Marriage changes everything. In North Carolina, it transforms the act of statutory rape of a girl of 15 into a legal act. In other words, you can’t be charged with statutory rape of a girl 15 years or younger if you are less than six years younger than the girl or legally married to her.
Until this week, it was legal to marry a girl as young as 14 if she became pregnant or if a judge agreed. It was legal for anyone to marry a 16-year-old with parental permission.
Now, Gov. Roy Cooper has signed a law that outlaws marriage to 14- and 15-year-olds altogether and bans 16- and 17-year-olds from marrying someone more than four years older than themselves.
The legislation was passed to counter a troubling trend: people from other states coming to North Carolina to marry child brides. Buncombe County, for example, had become a destination for adults from Georgia, Tennessee, Kentucky and South Carolina to bring their child brides for weddings, since all of those states have raised their minimum age for marriage.
In fact, last year, two-thirds of the marriage license applications in Buncombe County that involved a person under the age of 18 were submitted by people who are not residents of North Carolina. One example involved a 49-year-old man and a 17-year-old girl from Kentucky.

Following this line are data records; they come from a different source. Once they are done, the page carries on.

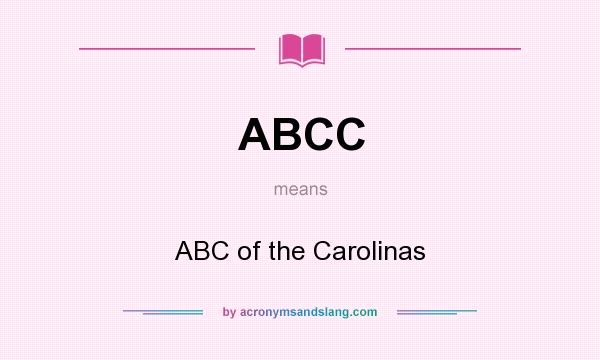 What does ABCC mean? It stands for ABC of the Carolinas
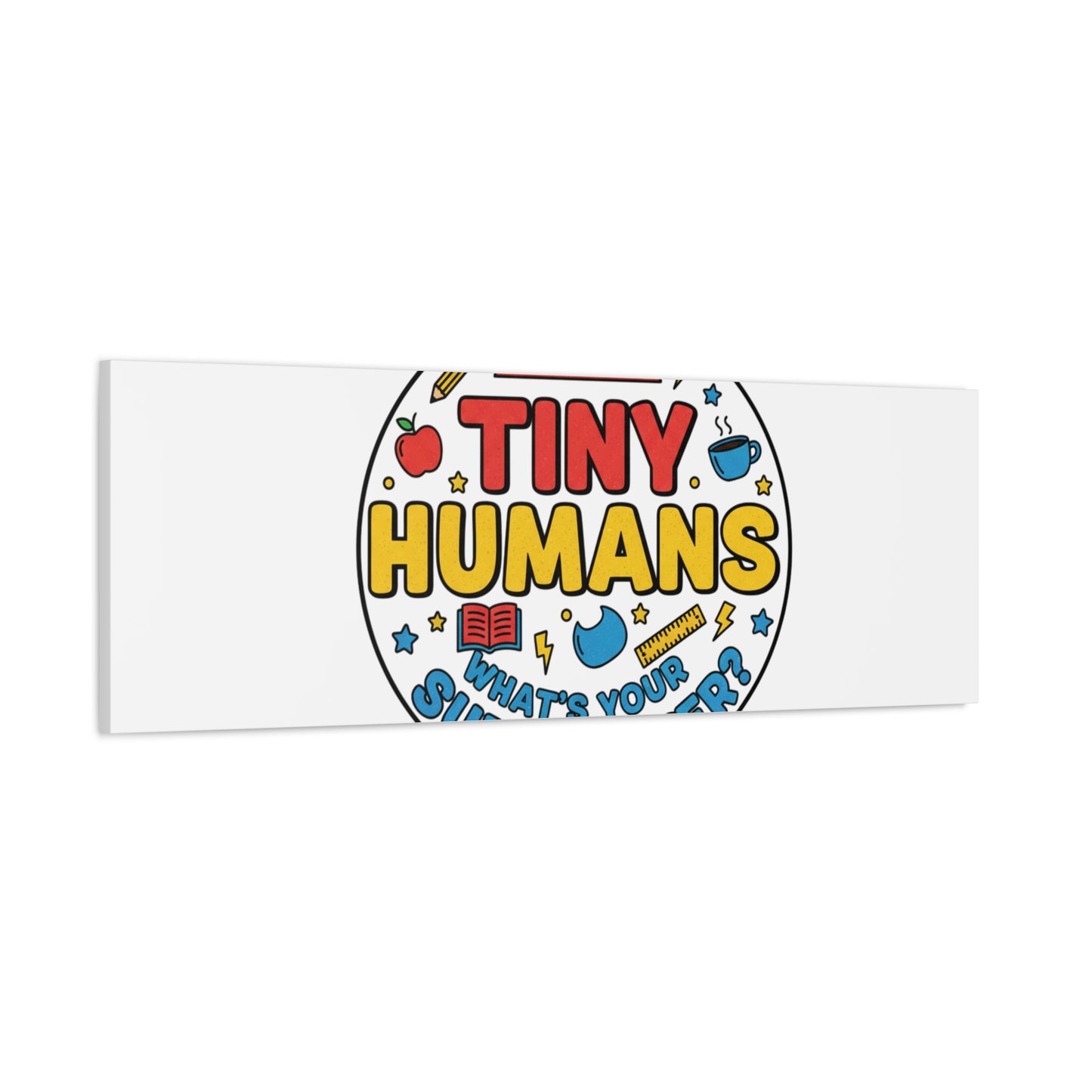 I Teach Tiny Humans Canvas | Teacher Appreciation, Teacher Life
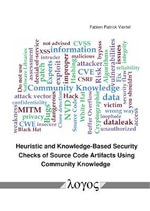 Heuristic and Knowledge-Based Security Checks of Source Code Artifacts Using Community Knowledge - Fabien Patrick Viertel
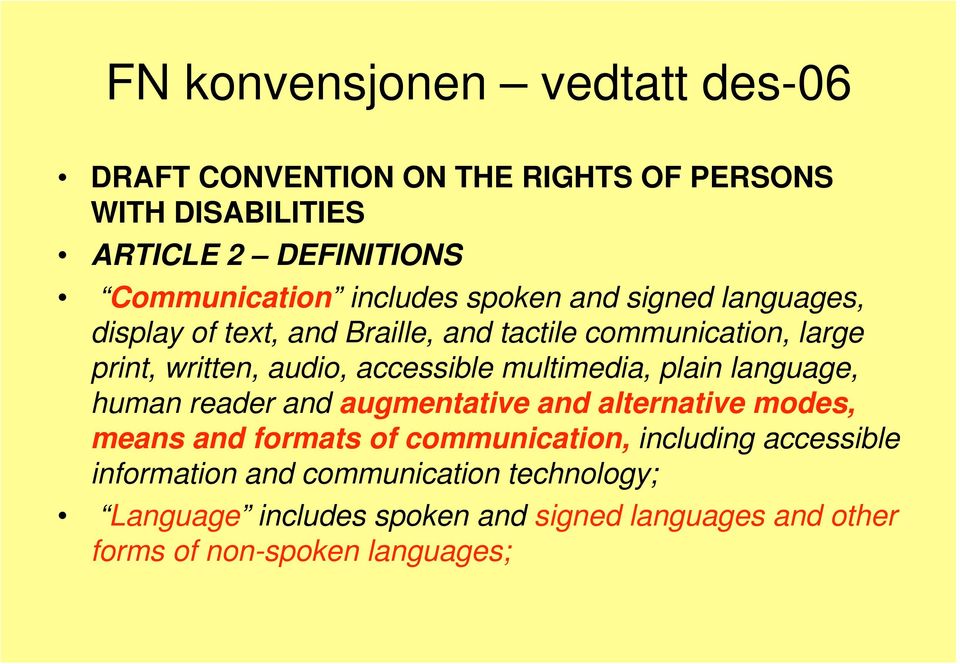 accessible multimedia, plain language, human reader and augmentative and alternative modes, means and formats of communication,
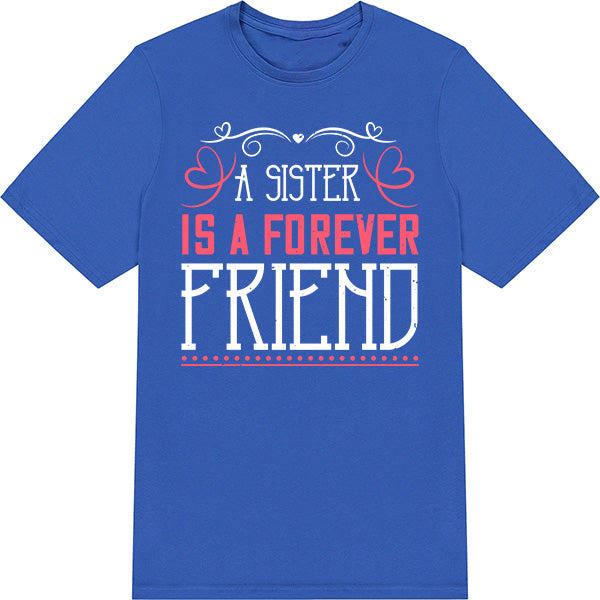 "A Sister Is A Forever Friend" T-Shirt | Ideal Sister Gift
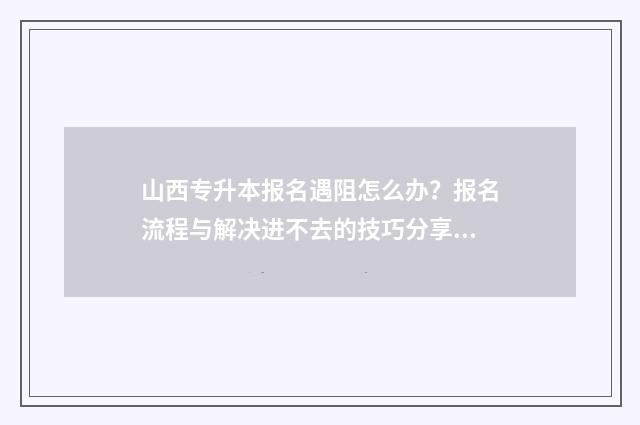 山西专升本报名遇阻怎么办?报名流程与解决进不去的技巧分享 山西专升本报名时间2024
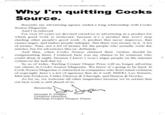 Why-im-quitting-coooks-source.jpg Why I'm quitting Cooks Source. Recently my advertising agency ended a long relationship with Cook:s Source Magazine. And I'm relieved For over 25 years we devoted ourselves to advertising in a product for which good work is irrelevant, because it's a product that won't stop stealing other people's good work. A product that never improves, that causes anger, and makes people unhappy. But there was money in it. A lot of money. Sure, not a lot of money for the people who actually write the articles, but for advertisers like us, definitely And then, when Cooks Source claimed their victims should be compensating them I realized, here was my chance to be someone who could sleep at night, because I know I won't anger people on the intemet whatever the hell that is). So as of today, Sterling Cooper Draper Price will no longer advertise our clients in Cooks Source Magazine. We know it's going to be hard. If Cook Source Magazine is interested in companies who don't mind violation of copyright, here's a list of agencies that do iwl: BBDO, Leo Bumett, McCann Erickson, Cutler Gleason & Chaough, and Benton& Bowles. As for us, we welcome all other magazines because we're certain that our best work is still ahead of us. Donald Draper Creative Director Sterling Cooper Draper Pryoe
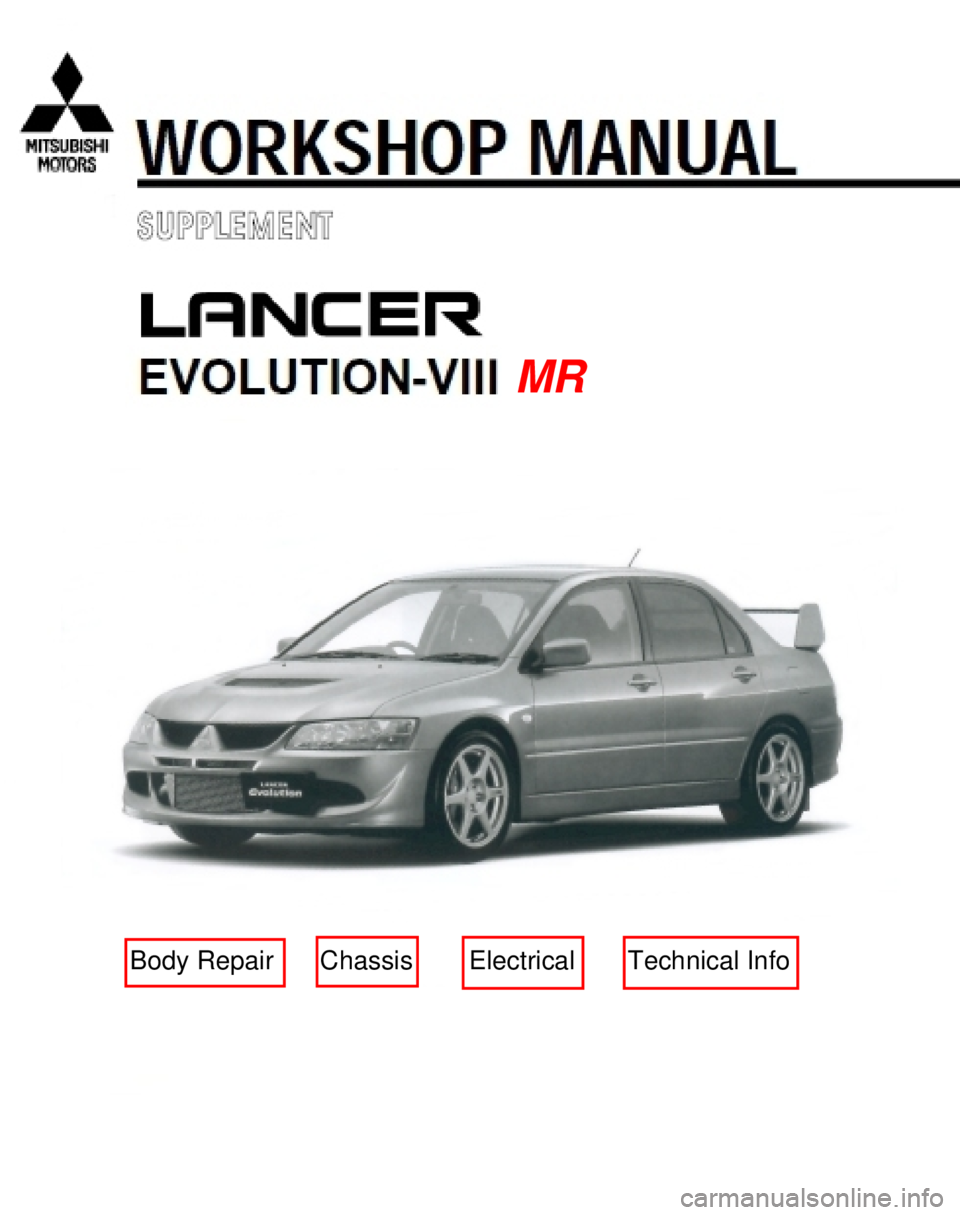 MITSUBISHI LANCER EVOLUTION VIII 2004  Workshop Manual Body RepairChassisElectricalTechnical Info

Child marriage is rarely between love-struck teenagers
Recently, the International Center for Research on Women studied marriage license applications between 2000 and 2019. Between 2000 and 2015, almost 9,000 minors were parties to marriage licenses in North Carolina, putting the state in the top 5 for child marriages during that period.
Of all marriage license applications involving someone under 18 between 2000 and 2019, 93% involved a minor and an adult.
“It disrupts the notion that if child marriage happens, it is the Romeo-and-Juliet scenario of two 17-year-olds who just can’t wait to love each other,” said one of the study’s co-authors.
Tahirih Justice Center, an organization that works to end child marriage in the U.S., found similar information. It estimates that over 200,000 children have been married in the U.S. since 2000, the majority of which involved girls being married to adult men.
The organization argues that child marriages risk sexual and domestic violence against the teen, increased mental and physical health problems, higher school dropout rates and increased chances of poverty. Moreover, around 80% of child marriages end in divorce.
Still, some lawmakers pointed to anecdotes of child marriages working out all right in the long term as a reason to keep the existing law, or at least to oppose a change that would have made it illegal for anyone under 18 to marry at all.
Reporters spoke to women who were married off as children.
“I know what it feels like to be helpless and afraid and to do everything from a basis of fear — and I can imagine that there are a lot of people who feel that way,” said one.
Another woman who was married and pregnant at 13 in the 1970s told lawmakers that the law failed to protect her from her husband’s abuse. “I’m speaking in favor of the bill because I feel nobody did it for me,” she said.
The new age limit passed unanimously
There was a bit of wrangling over whether the bill should prohibit underage marriage altogether or limit it to those 16 and older. In the end, the latter version passed both houses of the legislature unanimously. Gov. Cooper signed the bill into law on Thursday.
“As a conservative Christian, I am a strong supporter of the sacrament of marriage,” said Rep Kristin Baker (R.-Concord). “As a child psychiatrist, I am determined to protect our vulnerable youth, and to enhance their chances for happy, healthy futures. I believe this bill achieves both those measures, and I am honored to be a part of this critical effort.”
The new law brings some consistency to our state’s theory on wrongful sexual intercourse. Now, marriage is no longer a defense for the statutory rape of a 15-year-old.